Do Schwartz Higher-Order Values Help Sentence-Level Human Value Detection? A Study of Hierarchical Gating and Calibration
Abstract
Human value detection from single sentences is a sparse, imbalanced multi-label task. We study whether Schwartz higher-order (HO) categories help this setting on ValueEval'24 / ValuesML (74K English sentences) under a compute-frugal budget. Rather than proposing a new architecture, we compare direct supervised transformers, hard HO→values pipelines, Presence→HO→values cascades, compact instruction-tuned large language models (LLMs), QLoRA, and low-cost upgrades such as threshold tuning and small ensembles. HO categories are learnable: the easiest bipolar pair, Growth vs. Self-Protection, reaches Macro-F1=0.58. The most reliable gains come from calibration and ensembling: threshold tuning improves Social Focus vs.
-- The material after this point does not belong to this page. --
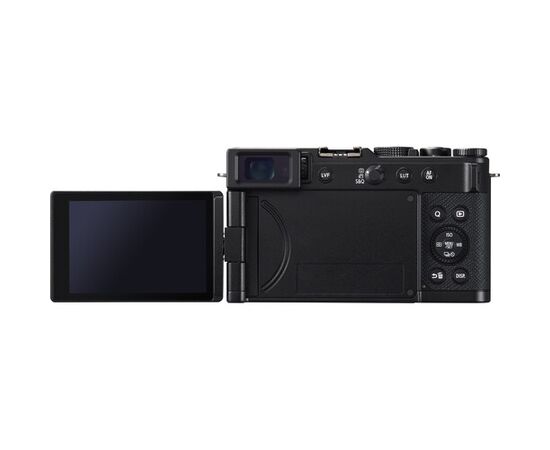 PANASONIC LUMIX DC-L10 - Preto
Personal Focus from 0.41 to 0.57 (+0.16), transformer soft voting lifts Growth from 0.286 to 0.303, and a Transformer+LLM hybrid reaches 0.353 on Self-Protection. In contrast, hard hierarchical gating does not consistently improve the end task. Compact LLMs also underperform supervised encoders as stand-alone systems, although they sometimes add useful diversity in hybrid ensembles. Under this benchmark, the HO structure is more useful as an inductive bias than as a rigid routing rule.